* _What to do_:
Set down exactly the lines below between the line holding "this 510×383 image." and the line holding "this 1024×576 image.", inclusive; no other line belongs in the answer.
[[ Input records open ]]
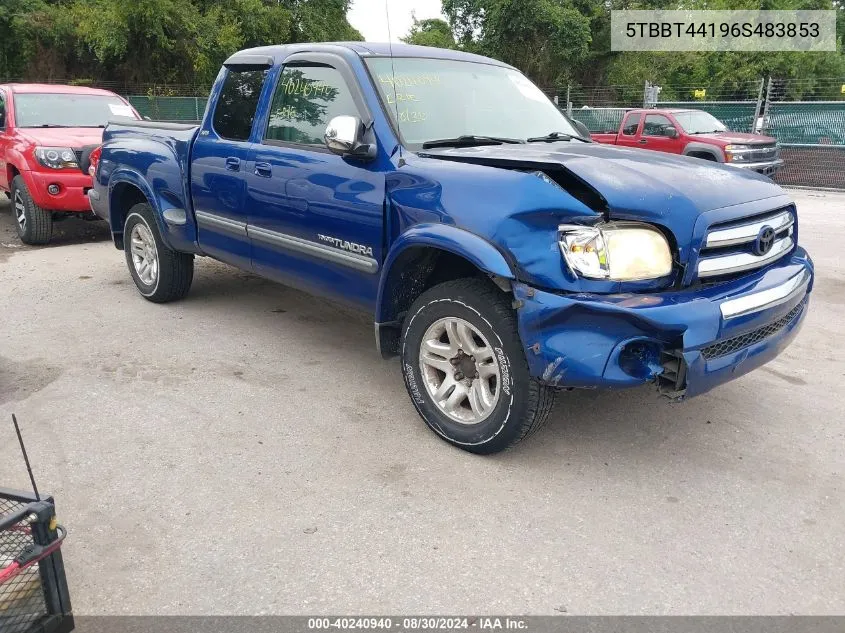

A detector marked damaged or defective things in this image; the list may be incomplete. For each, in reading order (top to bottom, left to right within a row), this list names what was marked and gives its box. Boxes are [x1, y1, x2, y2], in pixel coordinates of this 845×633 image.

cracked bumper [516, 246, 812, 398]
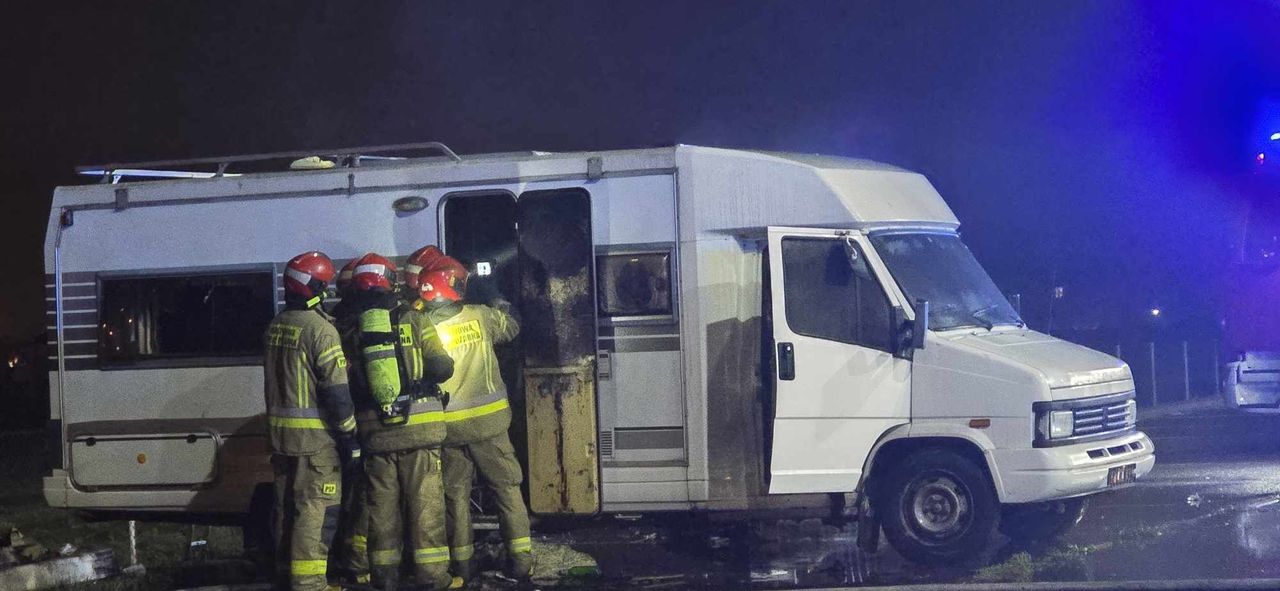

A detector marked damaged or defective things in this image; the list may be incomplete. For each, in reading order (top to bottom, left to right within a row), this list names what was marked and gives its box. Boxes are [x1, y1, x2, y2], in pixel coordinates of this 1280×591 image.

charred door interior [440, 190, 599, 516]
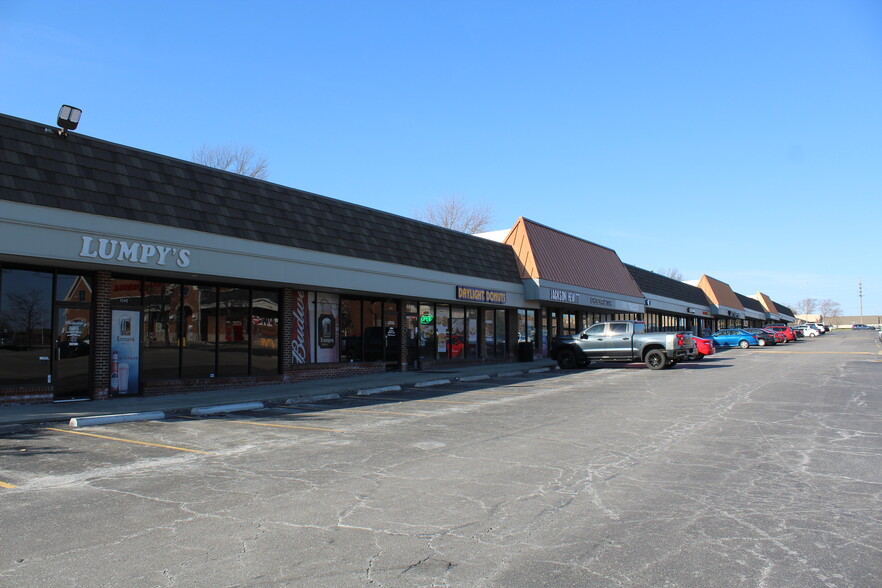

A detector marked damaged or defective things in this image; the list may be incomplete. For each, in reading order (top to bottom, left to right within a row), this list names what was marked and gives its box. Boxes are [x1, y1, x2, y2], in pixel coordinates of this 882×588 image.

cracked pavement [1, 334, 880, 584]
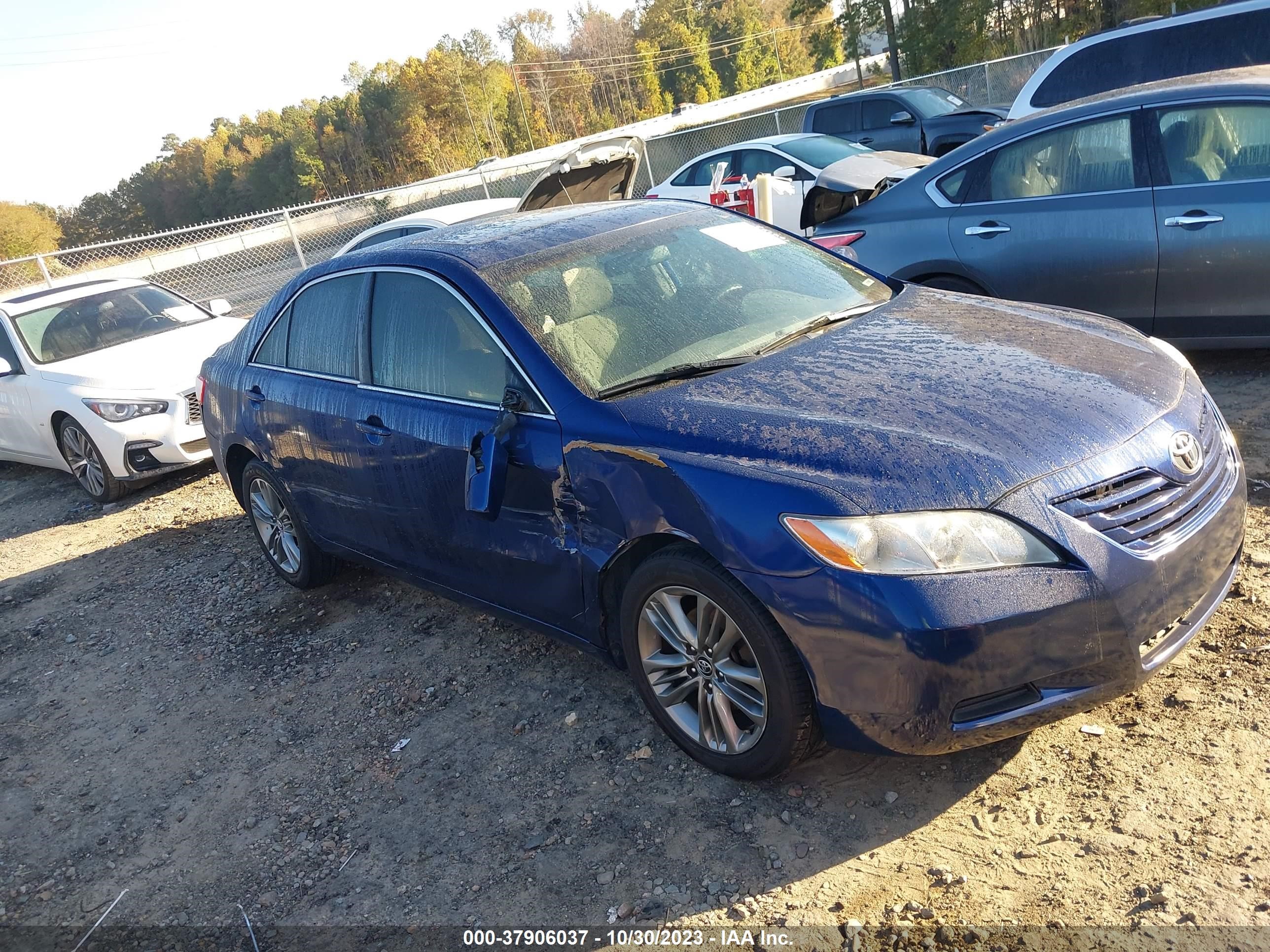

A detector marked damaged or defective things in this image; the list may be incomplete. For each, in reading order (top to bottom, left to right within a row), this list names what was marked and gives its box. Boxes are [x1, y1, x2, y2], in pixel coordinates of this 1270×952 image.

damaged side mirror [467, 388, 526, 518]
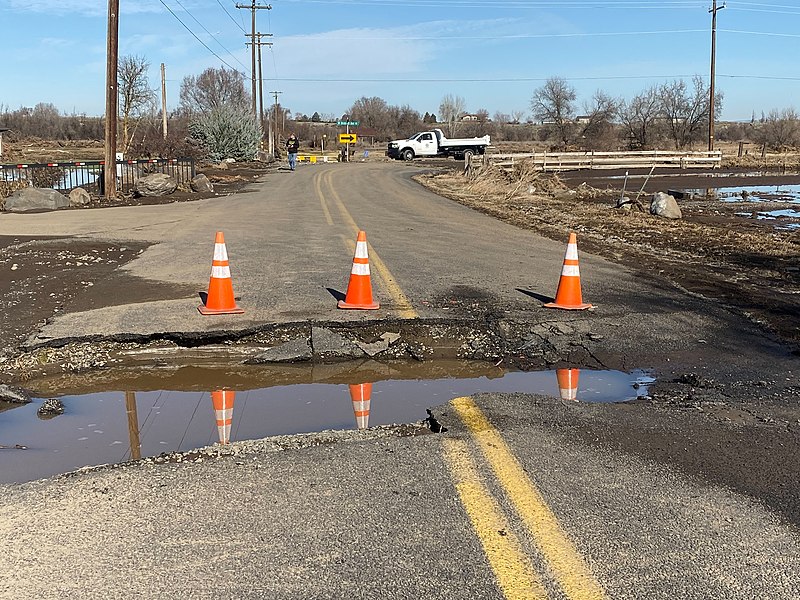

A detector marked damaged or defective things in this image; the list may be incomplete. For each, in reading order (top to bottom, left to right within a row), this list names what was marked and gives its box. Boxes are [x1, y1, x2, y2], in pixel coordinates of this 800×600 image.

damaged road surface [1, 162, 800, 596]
[[ Input records closed ]]
[[ Input records open ]]
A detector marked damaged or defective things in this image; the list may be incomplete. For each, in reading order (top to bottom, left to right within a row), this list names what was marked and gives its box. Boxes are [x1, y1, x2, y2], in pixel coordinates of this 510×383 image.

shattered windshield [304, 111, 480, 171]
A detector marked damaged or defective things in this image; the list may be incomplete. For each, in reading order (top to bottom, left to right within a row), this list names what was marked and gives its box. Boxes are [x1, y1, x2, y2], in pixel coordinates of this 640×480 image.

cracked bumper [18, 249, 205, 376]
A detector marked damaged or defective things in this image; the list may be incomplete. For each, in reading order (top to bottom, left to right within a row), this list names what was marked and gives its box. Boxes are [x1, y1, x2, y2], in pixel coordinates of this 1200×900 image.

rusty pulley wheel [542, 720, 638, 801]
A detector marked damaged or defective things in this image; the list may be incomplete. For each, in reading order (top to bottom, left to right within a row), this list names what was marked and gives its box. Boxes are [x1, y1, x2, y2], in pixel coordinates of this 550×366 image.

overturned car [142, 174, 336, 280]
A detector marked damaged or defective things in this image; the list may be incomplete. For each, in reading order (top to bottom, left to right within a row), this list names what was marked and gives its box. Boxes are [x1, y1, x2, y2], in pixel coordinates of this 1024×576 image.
[[ Input records closed ]]
* _Solution to this problem_:
A detector marked damaged or defective things in this image; the list may be incomplete. For each, in reading order (top to bottom, left to right within a row), this list names what was marked and gives its box. Boxes are [x1, y1, x2, y2], in pixel coordinates of this 510×383 image.

shattered windshield [304, 111, 480, 171]
A detector marked damaged or defective things in this image; the list may be incomplete. For each, in reading order (top to bottom, left to right within a row), this list names what was marked and gives its box. Boxes are [x1, y1, x2, y2], in pixel coordinates of this 640×480 image.

cracked bumper [18, 249, 205, 376]
A detector marked damaged or defective things in this image; the list may be incomplete. For each, in reading order (top to bottom, left to right within a row), this list names what was marked and gives its box. Boxes are [x1, y1, x2, y2], in pixel coordinates of this 1200×900 image.

rusty pulley wheel [542, 720, 638, 801]
A detector marked damaged or defective things in this image; the list may be incomplete. For each, in reading order (top to bottom, left to right within a row), this list names what was marked and gives its box. Boxes are [x1, y1, x2, y2], in pixel coordinates of this 550×366 image.

overturned car [142, 174, 336, 280]
A detector marked damaged or defective things in this image; the list may be incomplete. For each, in reading order (top to bottom, left to right within a row), this list names what was marked and gives its box. Boxes are [x1, y1, x2, y2], in pixel coordinates of this 1024×576 image.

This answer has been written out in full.